In the tradeoff between a short post and a long elaboration, I erred on the side of being too terse.

Node applications can be split between stateful servers (ex. chat) and stateless (ex. API for mobile clients).

It's the stateless servers where some developers write fault tolerant / fail fast / fast restart applications. Doing so in a stateful server would be counter productive.

Also, this does not mean to imply that developers are writing sloppy code that fails constantly or that they fail to implement proper error handling. What I was stating is that unhandled exceptions are unexpected, but when they do occur they indicate something is seriously wrong. Importantly, this puts the application's state into an unknown state, which is difficult to recover from. In such situations, a robust approach is to let Node fail, restart fast, and have clean state.

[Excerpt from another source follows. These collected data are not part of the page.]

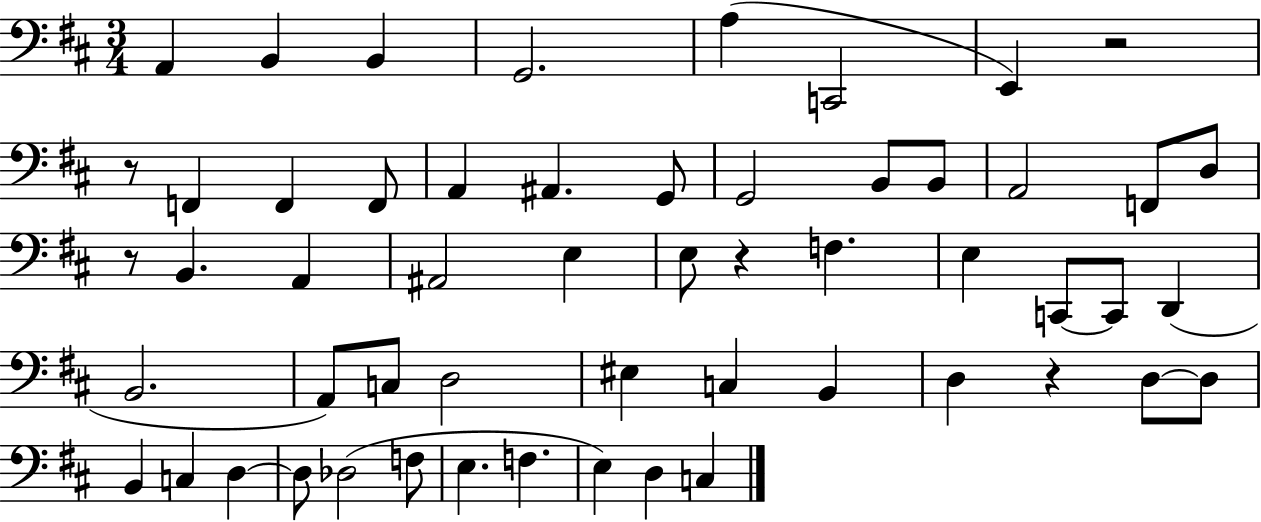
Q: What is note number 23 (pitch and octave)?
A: E3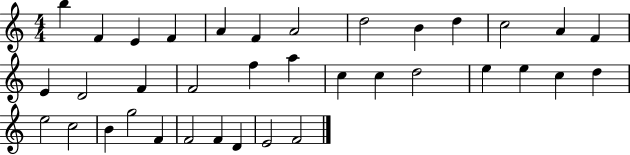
X:1
T:Untitled
M:4/4
L:1/4
K:C
b F E F A F A2 d2 B d c2 A F E D2 F F2 f a c c d2 e e c d e2 c2 B g2 F F2 F D E2 F2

The reasons this is a sound approach are:

1. If the failure is due to a memory leak, then the graphs will highlight said leak clearly

2. The unhandled exception indicates that something is very wrong. A server restart is easily seen in the logs and is a warning that deeper inspection is necessary

3. Recovering state after an unhandled exception is difficult. In a stateless server its better to just restart from a clean state. This assumes the engineers wrote the application to work from a clean state (i.e. after a restart there is no need to recreate state)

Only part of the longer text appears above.